● WORK REQUIRED:
In the material below, begin at the line that has "Two women in", stop after the line that has "A crowd of people", and transcribe those lines exactly, without pictures.

DATASET EXCERPTS section start

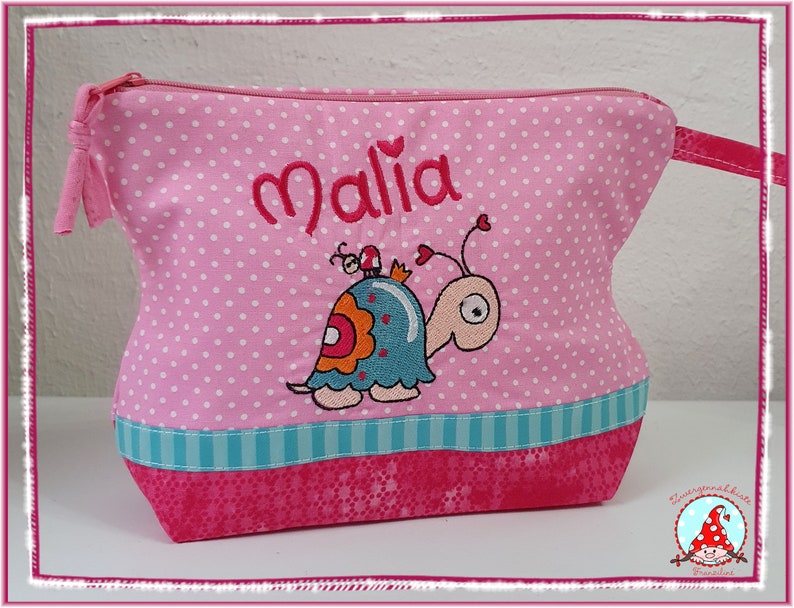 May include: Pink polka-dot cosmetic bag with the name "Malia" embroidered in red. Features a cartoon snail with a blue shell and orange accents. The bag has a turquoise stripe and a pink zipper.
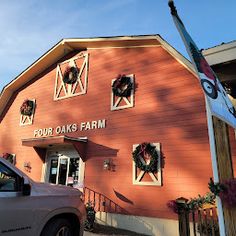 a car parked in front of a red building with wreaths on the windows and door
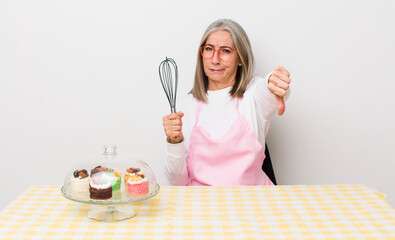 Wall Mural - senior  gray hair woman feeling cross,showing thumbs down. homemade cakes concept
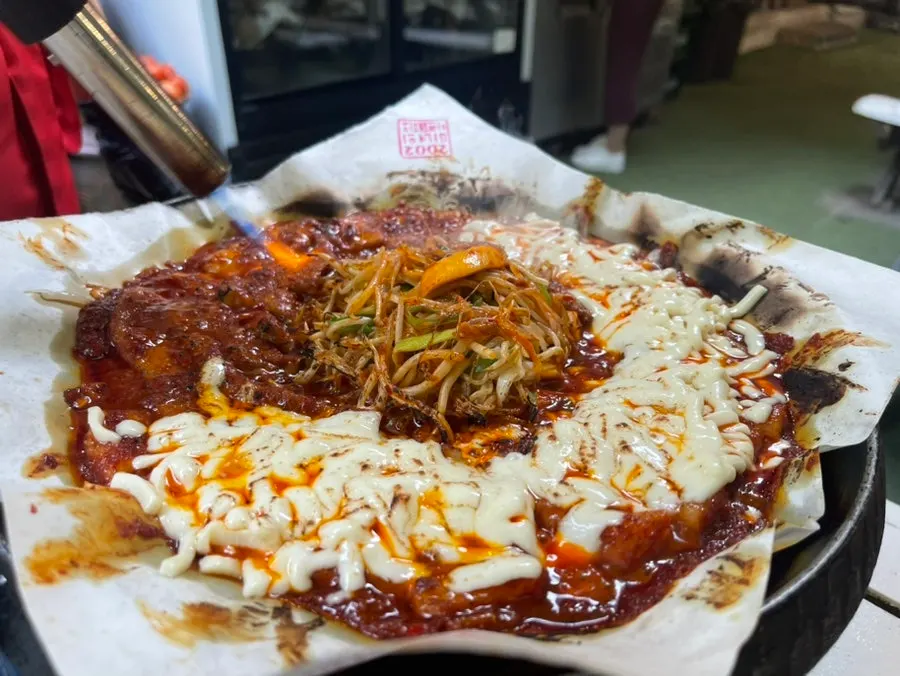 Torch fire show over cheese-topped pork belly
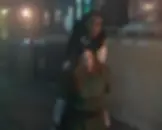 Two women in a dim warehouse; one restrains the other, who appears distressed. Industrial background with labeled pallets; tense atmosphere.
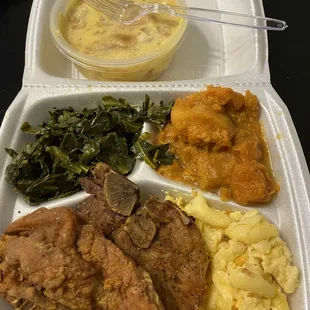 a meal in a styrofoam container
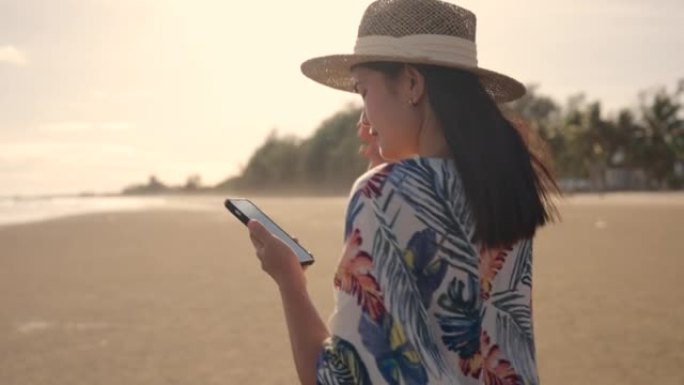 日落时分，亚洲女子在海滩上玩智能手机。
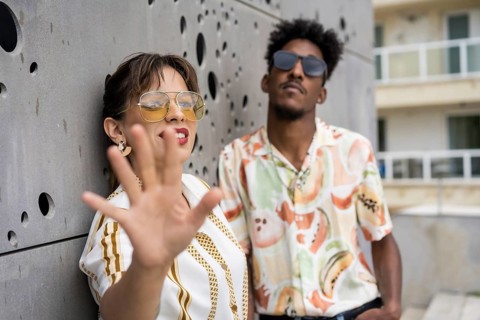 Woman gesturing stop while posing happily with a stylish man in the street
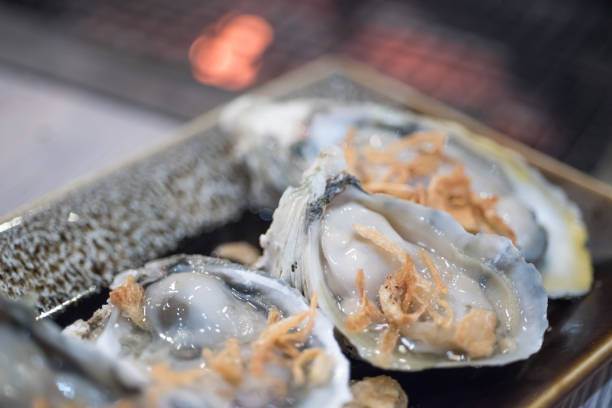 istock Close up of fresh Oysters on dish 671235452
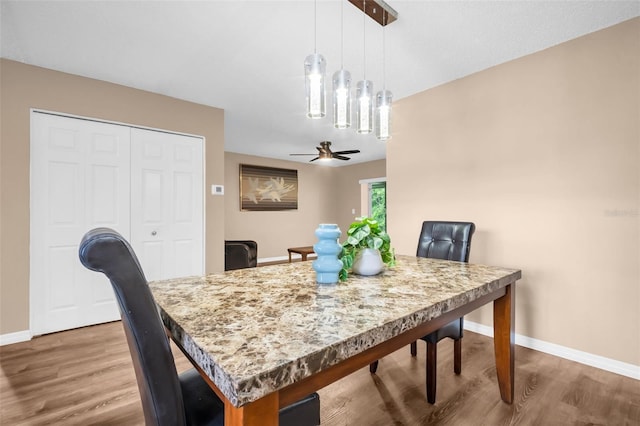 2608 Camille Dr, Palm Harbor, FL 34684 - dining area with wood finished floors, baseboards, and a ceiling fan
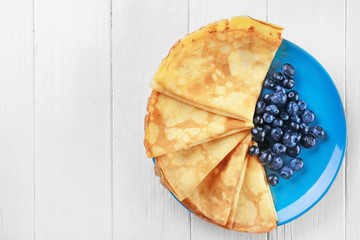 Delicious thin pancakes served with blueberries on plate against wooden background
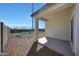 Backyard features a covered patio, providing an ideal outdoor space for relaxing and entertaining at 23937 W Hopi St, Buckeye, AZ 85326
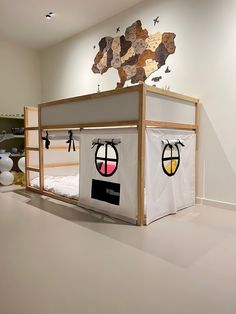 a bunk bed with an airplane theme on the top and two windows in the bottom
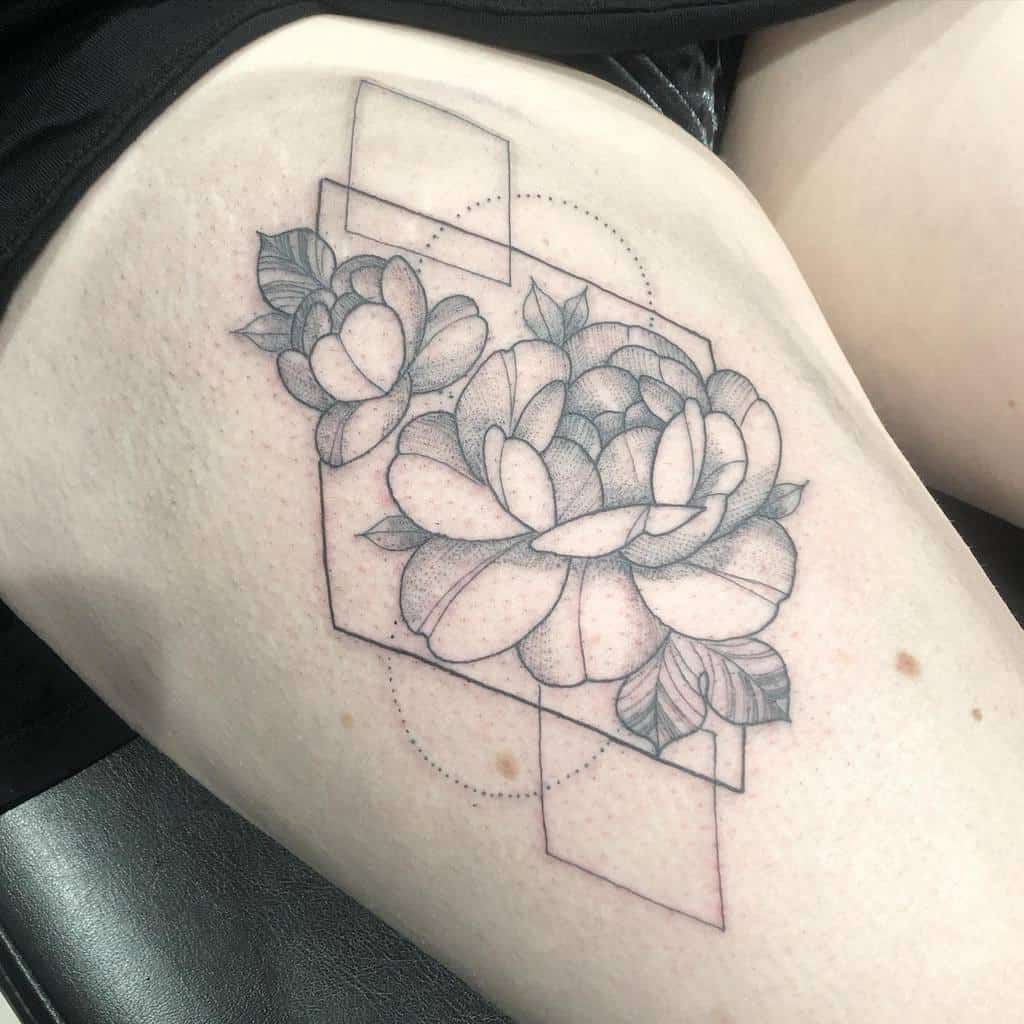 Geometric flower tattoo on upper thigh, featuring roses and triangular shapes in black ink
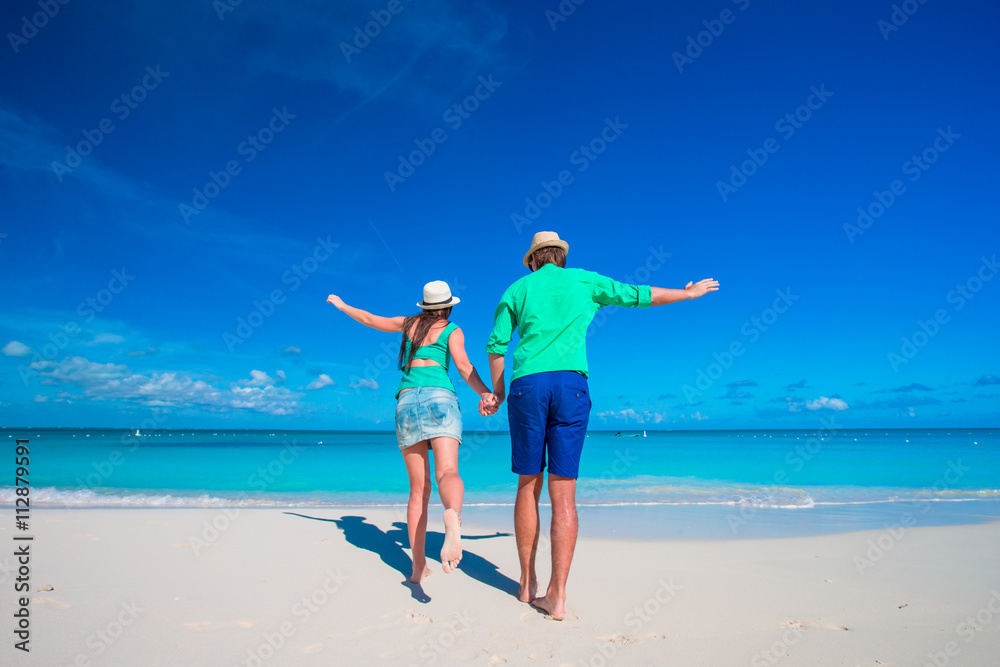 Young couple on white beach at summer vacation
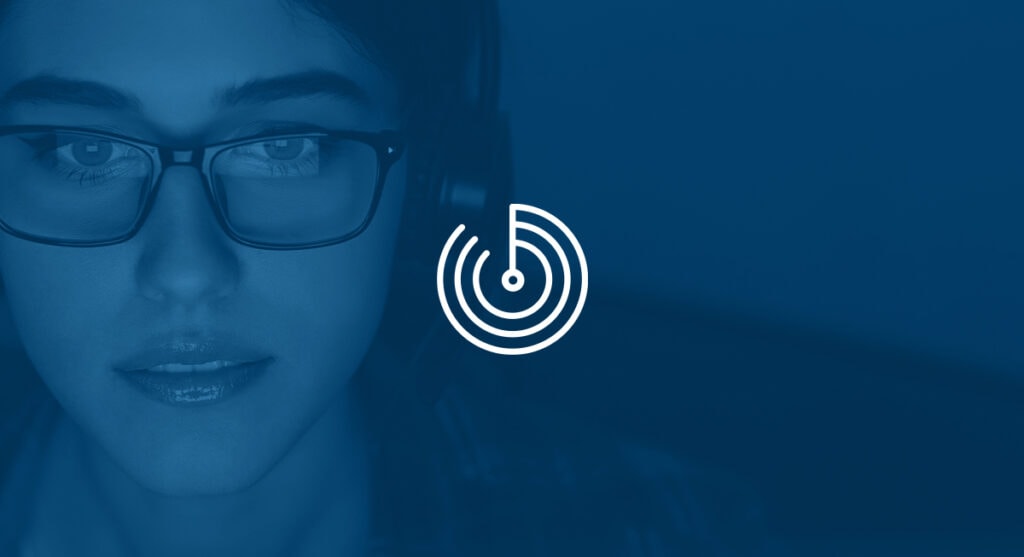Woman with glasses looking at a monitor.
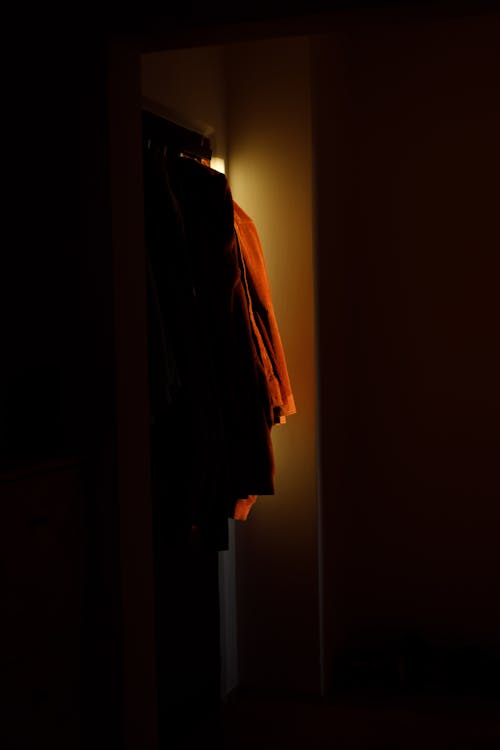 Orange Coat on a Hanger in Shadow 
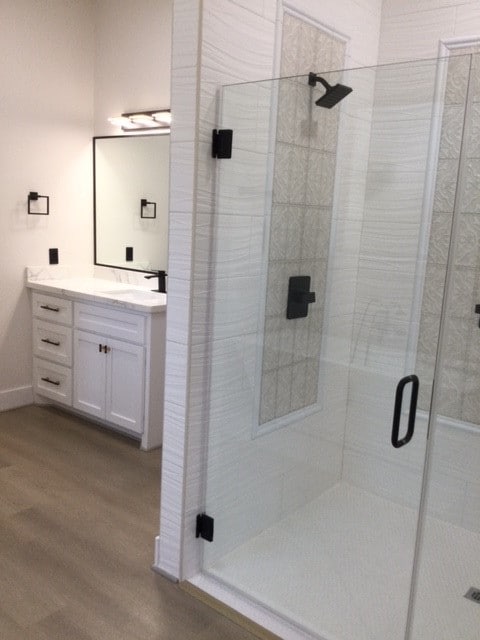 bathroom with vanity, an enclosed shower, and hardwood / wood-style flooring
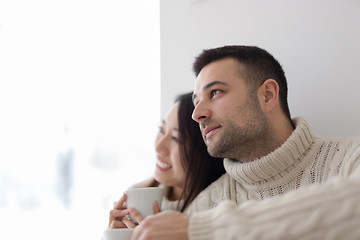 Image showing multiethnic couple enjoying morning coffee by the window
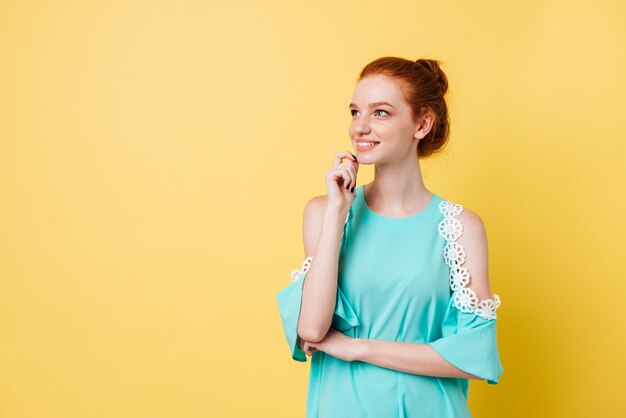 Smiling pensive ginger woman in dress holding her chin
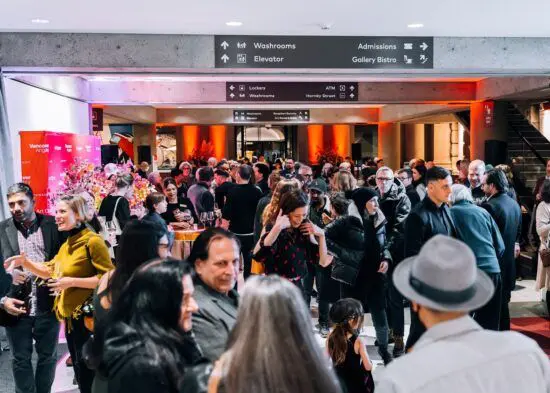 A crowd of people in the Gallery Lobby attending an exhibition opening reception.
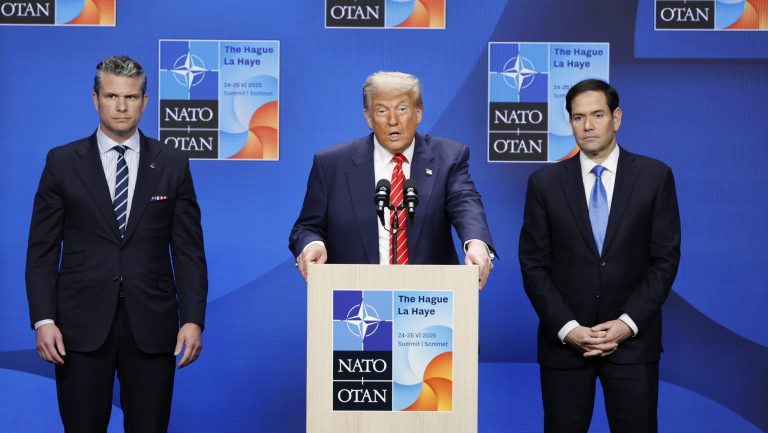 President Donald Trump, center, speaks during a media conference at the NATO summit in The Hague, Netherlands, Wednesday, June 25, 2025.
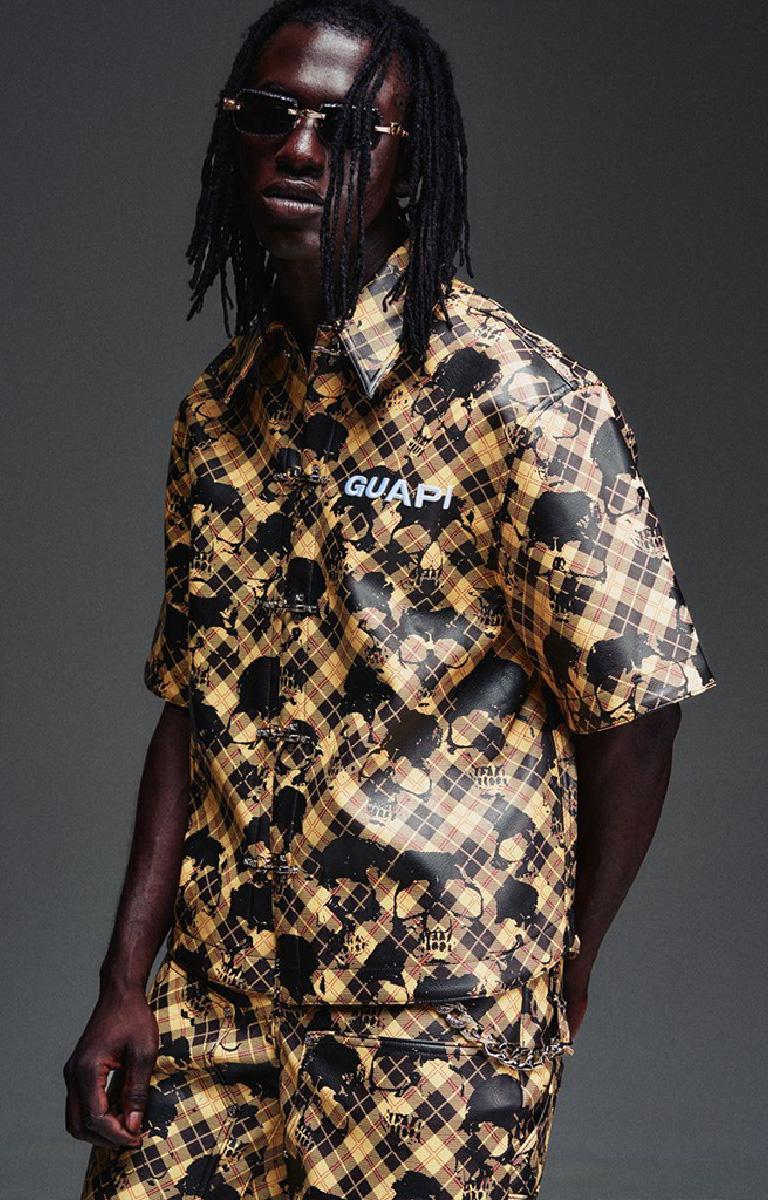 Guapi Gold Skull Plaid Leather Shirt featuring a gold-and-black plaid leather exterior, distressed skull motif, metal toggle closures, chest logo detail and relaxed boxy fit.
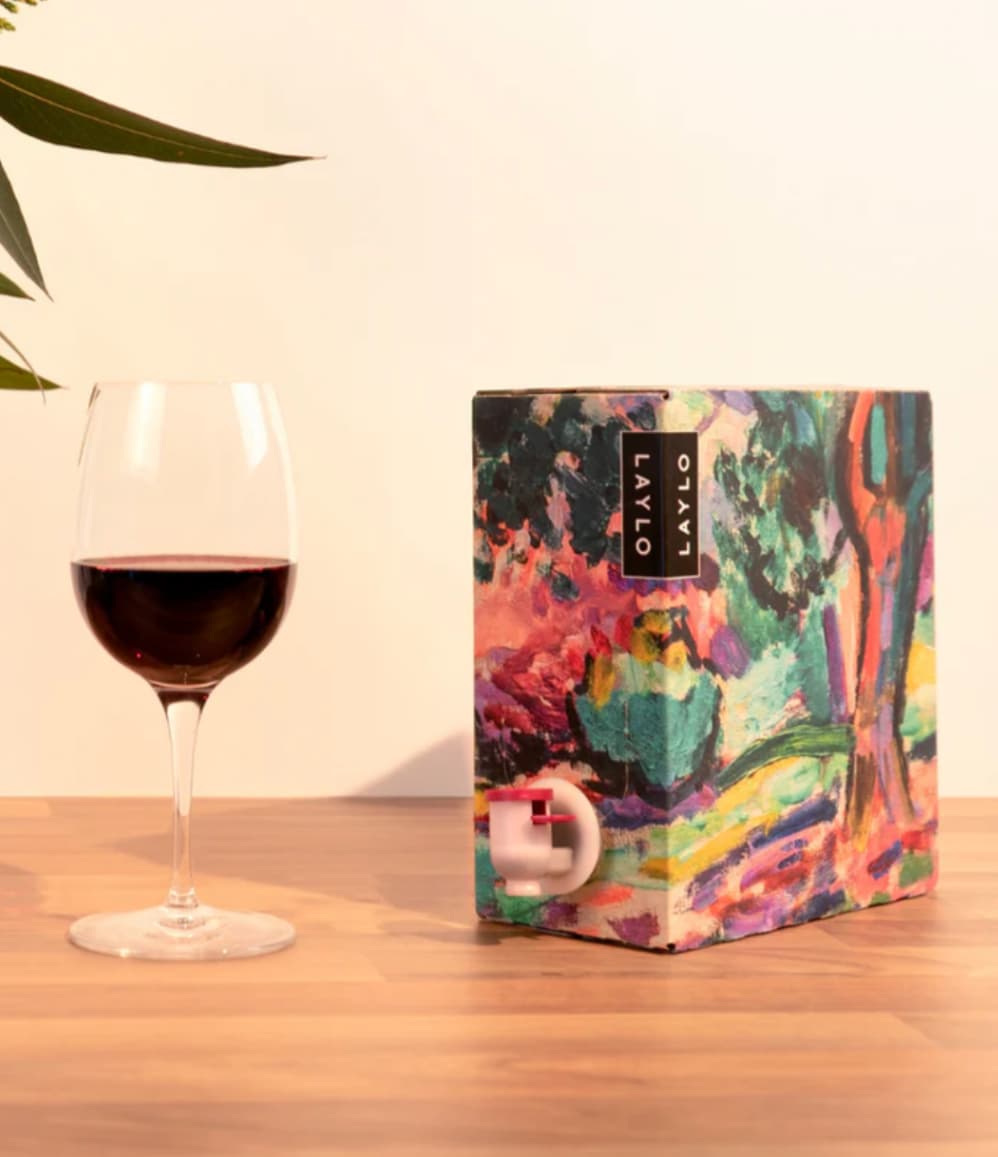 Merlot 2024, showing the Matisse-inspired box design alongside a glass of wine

DATASET EXCERPTS section end

● EXPECTED ANSWER:
 Two women in a dim warehouse; one restrains the other, who appears distressed. Industrial background with labeled pallets; tense atmosphere.
 a meal in a styrofoam container
 日落时分，亚洲女子在海滩上玩智能手机。
 Woman gesturing stop while posing happily with a stylish man in the street
 istock Close up of fresh Oysters on dish 671235452
 2608 Camille Dr, Palm Harbor, FL 34684 - dining area with wood finished floors, baseboards, and a ceiling fan
 Delicious thin pancakes served with blueberries on plate against wooden background
 Backyard features a covered patio, providing an ideal outdoor space for relaxing and entertaining at 23937 W Hopi St, Buckeye, AZ 85326
 a bunk bed with an airplane theme on the top and two windows in the bottom
 Geometric flower tattoo on upper thigh, featuring roses and triangular shapes in black ink
 Young couple on white beach at summer vacation
Woman with glasses looking at a monitor.
 Orange Coat on a Hanger in Shadow 
 bathroom with vanity, an enclosed shower, and hardwood / wood-style flooring
 Image showing multiethnic couple enjoying morning coffee by the window
 Smiling pensive ginger woman in dress holding her chin
 A crowd of people in the Gallery Lobby attending an exhibition opening reception.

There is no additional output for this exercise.